PCA : Can I reverse the axis of the first principal component in R?

2k Views Asked by At

Here is a reproducible example :

set.seed(10)
pick <- sample(nrow(iris),nrow(iris)/2)
iris.training <- iris[pick,] 
iris.testing <- iris[-pick,]
pca.training <- prcomp(iris.training[-5])
pca.testing <- prcomp(iris.testing[-5])
autoplot(pca.training,loadings.label=T,loadings=T)
autoplot(pca.testing,loadings.label=T,loadings=T)

Which produces the following output : biplot_pca_training biplot_pca_testing

As one can see, pca on data.training and on data.testing produces very similar biplots but the first principal components has reversed its sign, they are mirrored. Is it possible to force a 180 degree rotation on the two components ?

2

There are 2 best solutions below

3
On BEST ANSWER

You are not returning the rotated variables. Changed code is as below. Notice retx=TRUE

set.seed(10)
pick <- sample(nrow(iris),nrow(iris)/2)
iris.training <- iris[pick,] 
iris.testing <- iris[-pick,]
pca.training <- prcomp(iris.training[-5], retx=TRUE)
pca.testing <- prcomp(iris.testing[-5], retx=TRUE)
autoplot(pca.training,loadings.label=TRUE,loadings=TRUE)
autoplot(pca.testing,loadings.label=TRUE,loadings=TRUE)

It produced the following outputs for training and testing. Training PCA plot Testing PCA plot

1
On

I'm assuming autoplot is the function from the ggfortify package. There are probably two ways to do this. The easiest is to just ask to reverse the x axis, by writing

autoplot(pca.testing,loadings.label=TRUE,loadings=TRUE) + scale_x_reverse()

screenshot

Notice that this didn't change any values: the X axis now runs from positive to negative instead of the usual direction.

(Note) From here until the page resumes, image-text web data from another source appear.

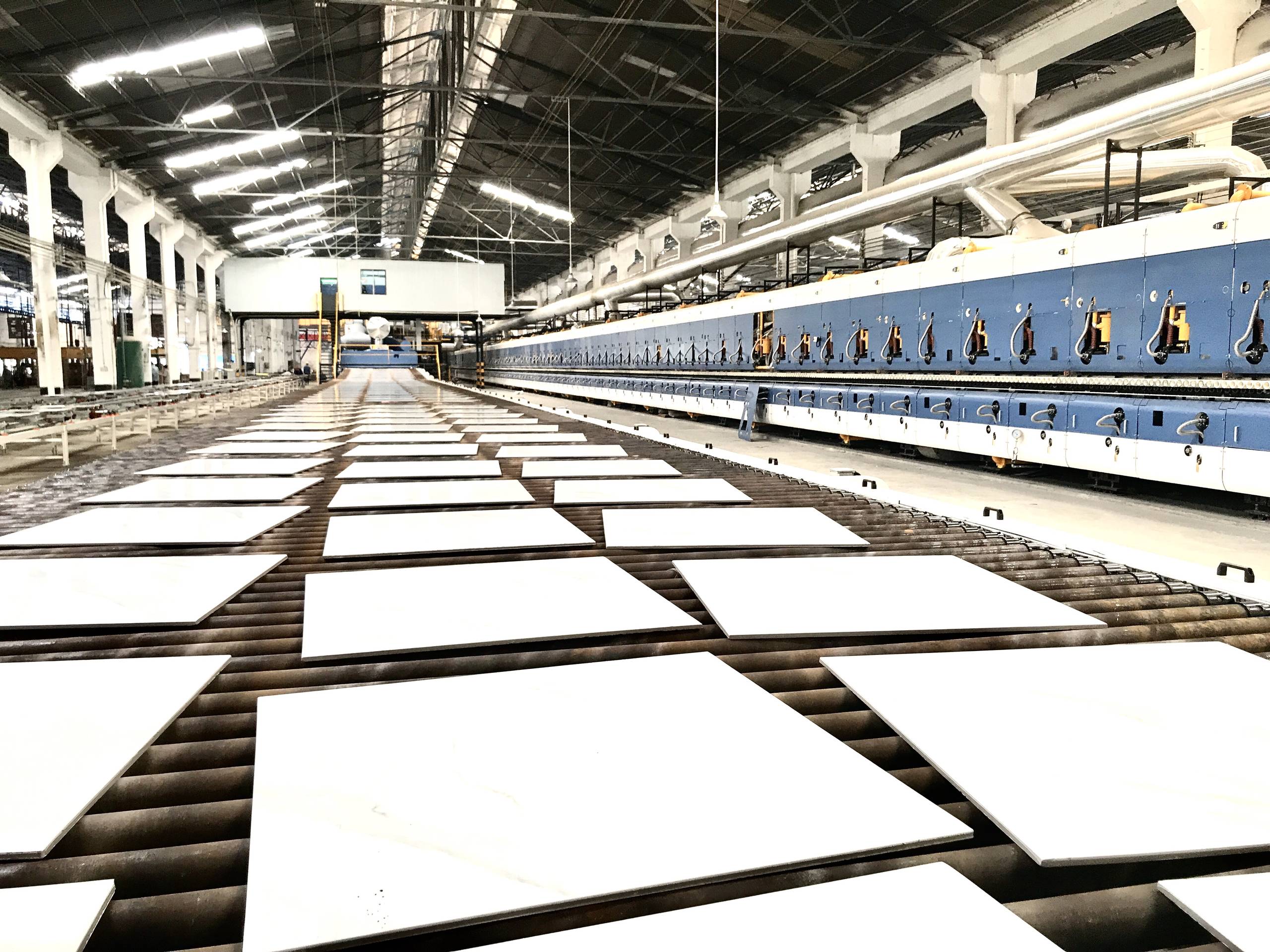 Contigo Ceramics factory production line – large format tiles being inspected by QC team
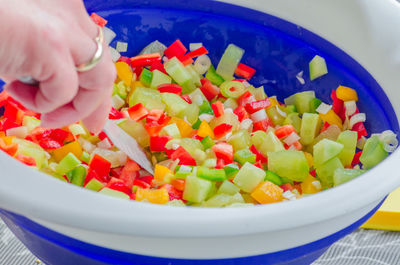 Close-up of hand holding salad in bowl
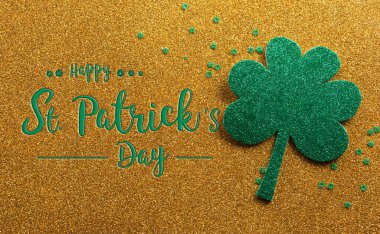 Happy St Patrick's Day decoration concept made from shamrocks ( clover leaf) on golden background.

The second is to modify the pca.testing object to swap the signs on the x axis. This is statistically valid: PCA doesn't determine the signs of any components, but it's a bit tricky, because the signs show up in two places: component x for the data points, and component rotation for the arrows:

pca.testing$x[,1] <- - pca.testing$x[,1]
pca.testing$rotation[,1] <- -pca.testing$rotation[,1]
autoplot(pca.testing,loadings.label=TRUE,loadings=TRUE)

screenshot

Not related to your question, but some advice: don't use T, use TRUE, otherwise the next time you have temperature data, you may inadvertantly change the value, and cause havoc with your analysis.